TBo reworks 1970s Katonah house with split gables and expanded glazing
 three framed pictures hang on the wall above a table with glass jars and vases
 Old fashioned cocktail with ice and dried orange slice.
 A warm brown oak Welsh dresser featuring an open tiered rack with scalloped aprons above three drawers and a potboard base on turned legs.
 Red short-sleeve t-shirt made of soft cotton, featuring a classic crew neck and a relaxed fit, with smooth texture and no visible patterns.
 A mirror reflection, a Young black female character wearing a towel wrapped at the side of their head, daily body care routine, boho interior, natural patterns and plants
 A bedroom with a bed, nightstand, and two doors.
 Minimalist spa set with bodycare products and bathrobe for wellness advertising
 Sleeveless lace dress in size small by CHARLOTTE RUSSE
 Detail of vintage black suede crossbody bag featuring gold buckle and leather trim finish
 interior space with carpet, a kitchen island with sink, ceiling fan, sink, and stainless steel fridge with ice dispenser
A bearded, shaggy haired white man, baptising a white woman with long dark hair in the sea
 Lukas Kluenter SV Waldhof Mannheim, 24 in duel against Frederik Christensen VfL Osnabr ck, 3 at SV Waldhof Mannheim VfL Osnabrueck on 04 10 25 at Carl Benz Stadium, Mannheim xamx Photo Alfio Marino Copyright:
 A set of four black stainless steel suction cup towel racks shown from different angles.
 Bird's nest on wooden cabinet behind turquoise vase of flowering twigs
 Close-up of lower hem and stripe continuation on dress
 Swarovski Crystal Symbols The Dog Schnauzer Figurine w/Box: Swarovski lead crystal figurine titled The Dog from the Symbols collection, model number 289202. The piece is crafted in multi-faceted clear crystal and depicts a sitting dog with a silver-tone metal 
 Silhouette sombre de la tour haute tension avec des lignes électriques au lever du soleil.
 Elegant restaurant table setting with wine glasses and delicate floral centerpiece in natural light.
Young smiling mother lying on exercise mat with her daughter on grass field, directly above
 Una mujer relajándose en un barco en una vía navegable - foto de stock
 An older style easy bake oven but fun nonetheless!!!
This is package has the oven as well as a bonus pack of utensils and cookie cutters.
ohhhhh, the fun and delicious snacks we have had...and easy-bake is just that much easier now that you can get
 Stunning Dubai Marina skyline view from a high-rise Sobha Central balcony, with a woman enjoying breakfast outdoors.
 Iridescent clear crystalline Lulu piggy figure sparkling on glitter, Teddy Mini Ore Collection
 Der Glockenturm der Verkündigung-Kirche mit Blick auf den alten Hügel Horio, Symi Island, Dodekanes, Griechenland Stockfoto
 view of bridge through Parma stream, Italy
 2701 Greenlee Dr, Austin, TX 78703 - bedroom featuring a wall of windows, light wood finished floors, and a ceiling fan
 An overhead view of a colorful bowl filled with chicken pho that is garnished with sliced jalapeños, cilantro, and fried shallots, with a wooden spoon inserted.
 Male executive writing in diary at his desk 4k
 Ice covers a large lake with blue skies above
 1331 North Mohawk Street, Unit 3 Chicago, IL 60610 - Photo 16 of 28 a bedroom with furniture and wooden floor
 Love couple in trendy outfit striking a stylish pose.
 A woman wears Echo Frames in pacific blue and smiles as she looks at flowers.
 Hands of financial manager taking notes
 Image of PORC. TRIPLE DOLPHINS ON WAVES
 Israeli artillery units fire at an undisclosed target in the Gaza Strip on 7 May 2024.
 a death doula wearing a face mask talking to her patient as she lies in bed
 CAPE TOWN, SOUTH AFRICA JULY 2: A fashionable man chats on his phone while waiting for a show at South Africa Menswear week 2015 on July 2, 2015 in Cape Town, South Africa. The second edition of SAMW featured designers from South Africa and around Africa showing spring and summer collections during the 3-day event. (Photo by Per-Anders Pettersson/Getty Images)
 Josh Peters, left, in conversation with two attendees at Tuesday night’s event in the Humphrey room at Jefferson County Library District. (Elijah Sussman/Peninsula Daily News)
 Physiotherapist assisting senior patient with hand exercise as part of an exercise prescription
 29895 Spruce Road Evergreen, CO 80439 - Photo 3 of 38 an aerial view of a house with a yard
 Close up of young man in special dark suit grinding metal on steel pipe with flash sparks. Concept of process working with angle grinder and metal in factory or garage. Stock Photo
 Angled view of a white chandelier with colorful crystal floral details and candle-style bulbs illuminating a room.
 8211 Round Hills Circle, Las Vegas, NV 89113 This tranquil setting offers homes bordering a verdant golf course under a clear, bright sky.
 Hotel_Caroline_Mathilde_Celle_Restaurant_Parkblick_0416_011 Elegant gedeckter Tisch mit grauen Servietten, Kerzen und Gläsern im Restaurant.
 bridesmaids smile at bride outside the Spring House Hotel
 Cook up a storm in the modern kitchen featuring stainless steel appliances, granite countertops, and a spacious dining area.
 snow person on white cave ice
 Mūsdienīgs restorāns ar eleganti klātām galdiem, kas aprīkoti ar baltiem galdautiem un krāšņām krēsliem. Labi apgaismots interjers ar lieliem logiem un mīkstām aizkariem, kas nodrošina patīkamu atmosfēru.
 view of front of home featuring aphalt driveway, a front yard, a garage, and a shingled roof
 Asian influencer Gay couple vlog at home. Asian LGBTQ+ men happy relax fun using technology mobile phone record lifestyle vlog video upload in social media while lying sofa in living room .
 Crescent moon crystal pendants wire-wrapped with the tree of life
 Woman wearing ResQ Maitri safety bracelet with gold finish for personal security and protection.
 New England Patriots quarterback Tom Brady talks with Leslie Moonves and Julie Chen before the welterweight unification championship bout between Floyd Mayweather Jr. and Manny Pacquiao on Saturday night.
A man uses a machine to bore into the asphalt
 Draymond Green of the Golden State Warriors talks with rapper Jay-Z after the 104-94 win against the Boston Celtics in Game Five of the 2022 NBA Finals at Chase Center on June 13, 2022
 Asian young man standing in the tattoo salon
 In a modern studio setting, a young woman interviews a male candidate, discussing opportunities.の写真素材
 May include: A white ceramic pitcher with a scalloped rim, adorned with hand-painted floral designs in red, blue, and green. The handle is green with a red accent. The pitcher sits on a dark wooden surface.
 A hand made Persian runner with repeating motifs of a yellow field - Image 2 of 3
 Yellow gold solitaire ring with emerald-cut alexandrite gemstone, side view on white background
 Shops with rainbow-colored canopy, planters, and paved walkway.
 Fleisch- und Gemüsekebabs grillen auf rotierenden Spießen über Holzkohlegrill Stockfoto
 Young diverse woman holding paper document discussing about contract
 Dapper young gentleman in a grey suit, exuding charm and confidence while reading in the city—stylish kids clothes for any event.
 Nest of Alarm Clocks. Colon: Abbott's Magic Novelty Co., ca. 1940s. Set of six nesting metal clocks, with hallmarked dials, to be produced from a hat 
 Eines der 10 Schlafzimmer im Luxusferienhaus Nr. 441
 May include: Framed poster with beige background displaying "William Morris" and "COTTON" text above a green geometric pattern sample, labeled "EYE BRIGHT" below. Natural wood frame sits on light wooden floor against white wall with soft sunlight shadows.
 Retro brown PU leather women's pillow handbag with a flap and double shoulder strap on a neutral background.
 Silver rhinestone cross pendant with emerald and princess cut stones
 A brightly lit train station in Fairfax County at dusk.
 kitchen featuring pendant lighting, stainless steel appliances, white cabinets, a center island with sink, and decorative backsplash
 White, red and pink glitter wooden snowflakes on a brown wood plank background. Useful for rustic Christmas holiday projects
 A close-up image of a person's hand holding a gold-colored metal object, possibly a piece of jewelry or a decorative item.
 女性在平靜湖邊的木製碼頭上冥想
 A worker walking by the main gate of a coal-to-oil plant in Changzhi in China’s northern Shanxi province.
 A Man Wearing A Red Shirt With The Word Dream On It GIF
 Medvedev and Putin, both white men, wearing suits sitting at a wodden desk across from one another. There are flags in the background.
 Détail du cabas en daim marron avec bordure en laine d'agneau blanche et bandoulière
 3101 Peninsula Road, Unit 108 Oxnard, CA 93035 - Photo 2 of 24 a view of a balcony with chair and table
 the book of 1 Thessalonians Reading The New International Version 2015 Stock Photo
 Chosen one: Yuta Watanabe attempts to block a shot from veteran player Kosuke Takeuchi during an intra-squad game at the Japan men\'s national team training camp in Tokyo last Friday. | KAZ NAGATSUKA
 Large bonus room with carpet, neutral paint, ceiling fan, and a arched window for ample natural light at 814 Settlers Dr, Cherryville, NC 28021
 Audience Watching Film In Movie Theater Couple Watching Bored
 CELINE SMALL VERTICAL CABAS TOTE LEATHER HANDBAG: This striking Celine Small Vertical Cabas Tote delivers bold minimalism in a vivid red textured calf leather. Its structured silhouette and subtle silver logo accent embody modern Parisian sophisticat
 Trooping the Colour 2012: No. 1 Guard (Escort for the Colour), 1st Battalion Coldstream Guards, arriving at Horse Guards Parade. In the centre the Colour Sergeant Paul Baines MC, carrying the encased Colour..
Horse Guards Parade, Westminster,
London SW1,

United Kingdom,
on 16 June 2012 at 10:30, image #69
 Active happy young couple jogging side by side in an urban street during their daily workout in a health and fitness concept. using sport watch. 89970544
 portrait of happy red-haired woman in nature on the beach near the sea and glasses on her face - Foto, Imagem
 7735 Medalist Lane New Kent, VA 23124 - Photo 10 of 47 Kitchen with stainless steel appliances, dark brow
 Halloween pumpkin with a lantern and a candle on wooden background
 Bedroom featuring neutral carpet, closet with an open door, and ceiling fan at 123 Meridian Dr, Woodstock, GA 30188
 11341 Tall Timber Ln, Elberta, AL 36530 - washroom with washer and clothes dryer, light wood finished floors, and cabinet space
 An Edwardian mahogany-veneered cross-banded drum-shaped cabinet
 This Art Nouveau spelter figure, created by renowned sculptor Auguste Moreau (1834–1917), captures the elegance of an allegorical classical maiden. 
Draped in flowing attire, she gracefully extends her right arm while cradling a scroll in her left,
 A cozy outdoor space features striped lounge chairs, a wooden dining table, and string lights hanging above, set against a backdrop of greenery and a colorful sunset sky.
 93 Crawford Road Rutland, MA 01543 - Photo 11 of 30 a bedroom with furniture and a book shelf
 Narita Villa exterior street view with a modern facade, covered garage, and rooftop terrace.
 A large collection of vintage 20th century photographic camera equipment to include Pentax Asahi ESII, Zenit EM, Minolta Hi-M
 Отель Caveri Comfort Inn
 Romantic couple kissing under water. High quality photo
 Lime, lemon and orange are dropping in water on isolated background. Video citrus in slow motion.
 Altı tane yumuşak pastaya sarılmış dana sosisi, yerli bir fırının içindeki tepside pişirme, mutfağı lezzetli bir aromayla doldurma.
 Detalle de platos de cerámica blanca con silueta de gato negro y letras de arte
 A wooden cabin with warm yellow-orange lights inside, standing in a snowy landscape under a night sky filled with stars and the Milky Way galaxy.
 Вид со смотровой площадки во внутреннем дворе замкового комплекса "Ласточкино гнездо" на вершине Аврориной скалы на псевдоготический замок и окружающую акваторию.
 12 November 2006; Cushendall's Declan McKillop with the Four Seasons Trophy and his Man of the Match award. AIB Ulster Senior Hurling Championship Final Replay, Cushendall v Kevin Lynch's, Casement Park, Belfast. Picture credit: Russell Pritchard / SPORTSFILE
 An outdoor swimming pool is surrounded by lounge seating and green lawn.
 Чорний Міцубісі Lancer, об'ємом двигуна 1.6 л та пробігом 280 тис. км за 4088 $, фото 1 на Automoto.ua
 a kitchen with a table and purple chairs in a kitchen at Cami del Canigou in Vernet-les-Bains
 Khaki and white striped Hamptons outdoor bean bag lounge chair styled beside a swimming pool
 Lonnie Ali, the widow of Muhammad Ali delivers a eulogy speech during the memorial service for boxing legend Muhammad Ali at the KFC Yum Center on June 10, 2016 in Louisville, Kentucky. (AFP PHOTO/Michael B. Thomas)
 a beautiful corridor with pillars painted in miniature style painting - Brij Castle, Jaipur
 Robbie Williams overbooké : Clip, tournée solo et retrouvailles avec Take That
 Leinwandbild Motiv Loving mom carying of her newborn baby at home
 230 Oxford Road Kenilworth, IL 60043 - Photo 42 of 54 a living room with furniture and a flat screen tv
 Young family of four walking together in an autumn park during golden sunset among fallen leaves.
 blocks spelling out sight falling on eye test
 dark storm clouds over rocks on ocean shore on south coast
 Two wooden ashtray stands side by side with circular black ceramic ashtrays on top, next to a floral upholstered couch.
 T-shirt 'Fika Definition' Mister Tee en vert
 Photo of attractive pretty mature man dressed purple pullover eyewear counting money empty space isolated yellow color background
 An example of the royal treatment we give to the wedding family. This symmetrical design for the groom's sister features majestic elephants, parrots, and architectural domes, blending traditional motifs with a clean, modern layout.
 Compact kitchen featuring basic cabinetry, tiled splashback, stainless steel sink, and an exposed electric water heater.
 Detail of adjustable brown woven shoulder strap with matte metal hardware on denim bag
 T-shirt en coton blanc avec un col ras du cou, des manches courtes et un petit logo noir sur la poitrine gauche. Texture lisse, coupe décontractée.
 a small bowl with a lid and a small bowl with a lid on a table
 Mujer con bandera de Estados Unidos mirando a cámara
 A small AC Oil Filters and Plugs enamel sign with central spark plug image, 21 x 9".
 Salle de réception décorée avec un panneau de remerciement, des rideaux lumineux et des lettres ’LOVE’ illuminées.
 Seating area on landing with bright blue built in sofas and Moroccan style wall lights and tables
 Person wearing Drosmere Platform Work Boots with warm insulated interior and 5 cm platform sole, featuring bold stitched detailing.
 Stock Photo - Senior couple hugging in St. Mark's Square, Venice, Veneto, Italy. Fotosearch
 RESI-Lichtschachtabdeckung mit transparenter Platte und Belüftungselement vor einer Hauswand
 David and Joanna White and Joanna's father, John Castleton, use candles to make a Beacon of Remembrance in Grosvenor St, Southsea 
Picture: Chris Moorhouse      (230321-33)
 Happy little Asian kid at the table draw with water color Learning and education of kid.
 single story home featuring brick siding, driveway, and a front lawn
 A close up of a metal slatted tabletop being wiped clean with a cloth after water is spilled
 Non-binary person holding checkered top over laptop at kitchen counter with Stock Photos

THE PROBLEM
Extract the lines of the preceding material that run from the line with "A close-up image" through the line with "11341 Tall Timber", inclusive, reproducing them exactly and adding nothing.

EXERCISE ANSWER
 A close-up image of a person's hand holding a gold-colored metal object, possibly a piece of jewelry or a decorative item.
 女性在平靜湖邊的木製碼頭上冥想
 A worker walking by the main gate of a coal-to-oil plant in Changzhi in China’s northern Shanxi province.
 A Man Wearing A Red Shirt With The Word Dream On It GIF
 Medvedev and Putin, both white men, wearing suits sitting at a wodden desk across from one another. There are flags in the background.
 Détail du cabas en daim marron avec bordure en laine d'agneau blanche et bandoulière
 3101 Peninsula Road, Unit 108 Oxnard, CA 93035 - Photo 2 of 24 a view of a balcony with chair and table
 the book of 1 Thessalonians Reading The New International Version 2015 Stock Photo
 Chosen one: Yuta Watanabe attempts to block a shot from veteran player Kosuke Takeuchi during an intra-squad game at the Japan men\'s national team training camp in Tokyo last Friday. | KAZ NAGATSUKA
 Large bonus room with carpet, neutral paint, ceiling fan, and a arched window for ample natural light at 814 Settlers Dr, Cherryville, NC 28021
 Audience Watching Film In Movie Theater Couple Watching Bored
 CELINE SMALL VERTICAL CABAS TOTE LEATHER HANDBAG: This striking Celine Small Vertical Cabas Tote delivers bold minimalism in a vivid red textured calf leather. Its structured silhouette and subtle silver logo accent embody modern Parisian sophisticat
 Trooping the Colour 2012: No. 1 Guard (Escort for the Colour), 1st Battalion Coldstream Guards, arriving at Horse Guards Parade. In the centre the Colour Sergeant Paul Baines MC, carrying the encased Colour..
Horse Guards Parade, Westminster,
London SW1,

United Kingdom,
on 16 June 2012 at 10:30, image #69
 Active happy young couple jogging side by side in an urban street during their daily workout in a health and fitness concept. using sport watch. 89970544
 portrait of happy red-haired woman in nature on the beach near the sea and glasses on her face - Foto, Imagem
 7735 Medalist Lane New Kent, VA 23124 - Photo 10 of 47 Kitchen with stainless steel appliances, dark brow
 Halloween pumpkin with a lantern and a candle on wooden background
 Bedroom featuring neutral carpet, closet with an open door, and ceiling fan at 123 Meridian Dr, Woodstock, GA 30188
 11341 Tall Timber Ln, Elberta, AL 36530 - washroom with washer and clothes dryer, light wood finished floors, and cabinet space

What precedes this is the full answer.